Project: client-udx Environment: production Changes: Add: 0 | Change: 2 | Destroy: 0 Status: Failed Reason: Missing configuration files or invalid variables View Workflow Logs

Same structure, same context — only the outcome changes. That consistency makes notifications useful, not noisy.

Over time, I added more structure and safety.

For example, control gates — rules that decide when jobs can run. Production deployments can't be triggered manually; they only run when a PR is reviewed, approved, and merged.

That way, I can still plan from a feature branch, but only the reviewed code can apply changes to production. It's not just automation — it's governance built in.

Another improvement was reusability. When you write enough workflows, you start repeating the same patterns.
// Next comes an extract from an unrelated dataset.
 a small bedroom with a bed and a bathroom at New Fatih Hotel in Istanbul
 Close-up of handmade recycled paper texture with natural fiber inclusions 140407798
So I began building composite actions — step templates that bundle complex logic into a single, reusable block. For example, one handles Slack notifications, another prepares Terraform environments, and another manages Google Cloud authentication.

Then I moved to workflow templates — complete workflows that define the standard pipeline structure. Every Terraform repo can inherit the same pattern: config → plan → apply → notify. You just drop one YAML file in a repo and it works.

The key idea was simplicity — making complex delivery logic easy to reuse, understand, and maintain. Hard stuff, wrapped in a light interface.

Eventually, the workflow became more than automation — it became orchestration.

When I push code now, I see a complete story:

Config detects the environment and validates inputs.
Terraform and gcloud run in a clean, shared environment.
Control gates decide what's allowed.
Notifications summarize the result.

It's not just code execution — it's controlled delivery. No manual setup, no hidden state, no confusion.

And it all started because I got tired of switching credentials and Terraform versions locally. That small decision — to package the deploy logic into a single reproducible container — ended up defining how my team delivers infrastructure today.

I don't just automate Terraform anymore. I design workflows that make infrastructure delivery predictable, explainable, and reusable.